_WORK INSTRUCTION:_ Where the listing below has a line with "Sweat évolutif rouge à poches", write out exactly that line and every line after it, stopping after the line with "colonial kauri 5-drawer".

_INFORMATION SUPPLIED:_
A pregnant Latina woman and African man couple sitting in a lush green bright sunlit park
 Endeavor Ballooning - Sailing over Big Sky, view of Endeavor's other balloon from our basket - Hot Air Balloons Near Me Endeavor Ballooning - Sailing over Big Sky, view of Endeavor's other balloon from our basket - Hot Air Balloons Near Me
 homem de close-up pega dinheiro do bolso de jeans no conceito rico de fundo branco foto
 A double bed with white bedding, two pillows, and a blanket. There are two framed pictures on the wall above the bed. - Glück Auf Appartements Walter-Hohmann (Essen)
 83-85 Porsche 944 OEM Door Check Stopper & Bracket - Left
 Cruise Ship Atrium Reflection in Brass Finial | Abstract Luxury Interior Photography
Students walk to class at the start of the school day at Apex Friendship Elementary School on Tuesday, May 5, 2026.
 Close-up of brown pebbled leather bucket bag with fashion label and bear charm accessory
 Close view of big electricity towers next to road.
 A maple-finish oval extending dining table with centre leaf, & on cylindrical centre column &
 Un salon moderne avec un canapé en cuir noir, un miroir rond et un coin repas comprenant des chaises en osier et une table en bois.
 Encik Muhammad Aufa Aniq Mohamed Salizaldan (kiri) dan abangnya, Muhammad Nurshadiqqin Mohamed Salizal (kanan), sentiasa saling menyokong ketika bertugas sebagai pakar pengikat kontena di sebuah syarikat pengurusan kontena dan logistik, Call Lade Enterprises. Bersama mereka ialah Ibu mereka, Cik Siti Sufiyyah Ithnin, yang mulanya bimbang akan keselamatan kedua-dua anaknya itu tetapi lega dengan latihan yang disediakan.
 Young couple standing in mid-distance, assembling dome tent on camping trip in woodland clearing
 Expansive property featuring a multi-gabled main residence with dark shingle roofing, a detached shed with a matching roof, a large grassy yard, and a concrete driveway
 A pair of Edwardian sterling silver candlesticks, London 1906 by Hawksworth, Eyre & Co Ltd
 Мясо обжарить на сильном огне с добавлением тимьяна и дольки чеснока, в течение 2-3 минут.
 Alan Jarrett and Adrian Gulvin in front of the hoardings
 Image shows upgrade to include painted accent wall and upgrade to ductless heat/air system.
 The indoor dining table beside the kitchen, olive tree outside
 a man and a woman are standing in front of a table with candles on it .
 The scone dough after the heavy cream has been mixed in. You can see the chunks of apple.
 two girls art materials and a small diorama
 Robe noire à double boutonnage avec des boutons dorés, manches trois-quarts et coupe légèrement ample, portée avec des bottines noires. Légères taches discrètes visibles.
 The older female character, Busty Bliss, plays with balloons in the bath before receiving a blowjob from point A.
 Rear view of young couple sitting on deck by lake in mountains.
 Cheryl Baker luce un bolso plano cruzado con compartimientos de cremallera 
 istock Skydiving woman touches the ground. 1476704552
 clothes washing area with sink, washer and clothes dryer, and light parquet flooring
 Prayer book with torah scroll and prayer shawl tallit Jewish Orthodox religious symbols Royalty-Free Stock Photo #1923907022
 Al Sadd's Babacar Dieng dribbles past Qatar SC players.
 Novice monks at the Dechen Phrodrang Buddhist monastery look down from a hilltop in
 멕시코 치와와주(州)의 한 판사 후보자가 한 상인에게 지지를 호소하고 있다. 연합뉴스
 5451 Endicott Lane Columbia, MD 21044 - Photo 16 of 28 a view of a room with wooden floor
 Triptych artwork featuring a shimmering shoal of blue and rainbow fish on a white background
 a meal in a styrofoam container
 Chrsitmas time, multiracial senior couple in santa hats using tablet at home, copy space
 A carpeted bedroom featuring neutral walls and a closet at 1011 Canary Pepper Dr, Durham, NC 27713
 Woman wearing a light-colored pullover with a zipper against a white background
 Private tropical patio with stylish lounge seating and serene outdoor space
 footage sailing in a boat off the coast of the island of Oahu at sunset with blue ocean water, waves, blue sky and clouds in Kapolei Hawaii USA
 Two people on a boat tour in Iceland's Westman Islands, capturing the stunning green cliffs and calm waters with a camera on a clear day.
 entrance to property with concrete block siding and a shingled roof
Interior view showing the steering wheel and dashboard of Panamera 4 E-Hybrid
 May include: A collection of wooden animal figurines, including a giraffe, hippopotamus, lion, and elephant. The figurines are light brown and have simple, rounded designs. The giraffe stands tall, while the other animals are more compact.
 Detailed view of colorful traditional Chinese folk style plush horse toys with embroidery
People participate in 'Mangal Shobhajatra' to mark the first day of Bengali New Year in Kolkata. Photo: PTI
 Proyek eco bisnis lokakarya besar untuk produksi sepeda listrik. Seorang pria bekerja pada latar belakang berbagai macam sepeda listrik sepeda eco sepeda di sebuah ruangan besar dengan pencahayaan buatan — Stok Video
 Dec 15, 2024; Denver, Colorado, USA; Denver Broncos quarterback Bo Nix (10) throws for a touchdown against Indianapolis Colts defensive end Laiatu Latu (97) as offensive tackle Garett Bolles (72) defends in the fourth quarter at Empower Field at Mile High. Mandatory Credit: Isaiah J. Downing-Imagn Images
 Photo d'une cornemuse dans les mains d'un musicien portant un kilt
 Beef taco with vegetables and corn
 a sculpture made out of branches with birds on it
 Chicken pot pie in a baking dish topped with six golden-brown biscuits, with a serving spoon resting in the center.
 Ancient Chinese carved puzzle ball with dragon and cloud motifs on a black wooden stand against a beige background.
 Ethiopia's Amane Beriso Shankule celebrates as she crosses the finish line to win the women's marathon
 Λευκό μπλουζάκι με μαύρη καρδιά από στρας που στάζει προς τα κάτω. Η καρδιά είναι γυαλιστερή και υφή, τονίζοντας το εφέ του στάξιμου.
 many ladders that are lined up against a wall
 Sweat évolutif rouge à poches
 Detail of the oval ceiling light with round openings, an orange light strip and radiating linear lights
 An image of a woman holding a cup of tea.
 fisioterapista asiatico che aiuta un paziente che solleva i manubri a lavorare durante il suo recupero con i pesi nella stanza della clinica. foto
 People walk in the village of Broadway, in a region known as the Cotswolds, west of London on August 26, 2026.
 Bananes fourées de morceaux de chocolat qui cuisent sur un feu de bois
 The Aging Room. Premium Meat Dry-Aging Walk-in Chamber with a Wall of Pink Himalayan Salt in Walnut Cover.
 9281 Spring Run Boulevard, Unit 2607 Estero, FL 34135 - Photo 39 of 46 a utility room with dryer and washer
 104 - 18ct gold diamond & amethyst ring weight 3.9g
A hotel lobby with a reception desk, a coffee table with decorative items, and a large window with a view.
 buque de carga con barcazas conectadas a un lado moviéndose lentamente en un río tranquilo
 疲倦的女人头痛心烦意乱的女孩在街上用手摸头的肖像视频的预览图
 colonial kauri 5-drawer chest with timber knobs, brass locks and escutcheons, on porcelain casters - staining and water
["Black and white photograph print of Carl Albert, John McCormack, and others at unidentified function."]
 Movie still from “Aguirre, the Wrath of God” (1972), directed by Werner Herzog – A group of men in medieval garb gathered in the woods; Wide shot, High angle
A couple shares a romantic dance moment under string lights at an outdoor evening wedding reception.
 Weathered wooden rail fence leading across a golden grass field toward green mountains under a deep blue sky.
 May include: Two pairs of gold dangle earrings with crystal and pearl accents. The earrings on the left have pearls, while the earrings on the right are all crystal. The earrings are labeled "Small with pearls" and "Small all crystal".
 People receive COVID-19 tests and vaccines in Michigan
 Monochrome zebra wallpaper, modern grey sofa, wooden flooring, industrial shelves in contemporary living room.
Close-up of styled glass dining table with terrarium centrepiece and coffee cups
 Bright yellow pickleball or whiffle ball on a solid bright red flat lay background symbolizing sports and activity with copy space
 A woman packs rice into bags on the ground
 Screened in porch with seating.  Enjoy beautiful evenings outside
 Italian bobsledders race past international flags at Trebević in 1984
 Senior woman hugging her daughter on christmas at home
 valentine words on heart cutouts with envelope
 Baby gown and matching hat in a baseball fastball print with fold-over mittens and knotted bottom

_YOUR RESPONSE:_
 Sweat évolutif rouge à poches
 Detail of the oval ceiling light with round openings, an orange light strip and radiating linear lights
 An image of a woman holding a cup of tea.
 fisioterapista asiatico che aiuta un paziente che solleva i manubri a lavorare durante il suo recupero con i pesi nella stanza della clinica. foto
 People walk in the village of Broadway, in a region known as the Cotswolds, west of London on August 26, 2026.
 Bananes fourées de morceaux de chocolat qui cuisent sur un feu de bois
 The Aging Room. Premium Meat Dry-Aging Walk-in Chamber with a Wall of Pink Himalayan Salt in Walnut Cover.
 9281 Spring Run Boulevard, Unit 2607 Estero, FL 34135 - Photo 39 of 46 a utility room with dryer and washer
 104 - 18ct gold diamond & amethyst ring weight 3.9g
A hotel lobby with a reception desk, a coffee table with decorative items, and a large window with a view.
 buque de carga con barcazas conectadas a un lado moviéndose lentamente en un río tranquilo
 疲倦的女人头痛心烦意乱的女孩在街上用手摸头的肖像视频的预览图
 colonial kauri 5-drawer chest with timber knobs, brass locks and escutcheons, on porcelain casters - staining and water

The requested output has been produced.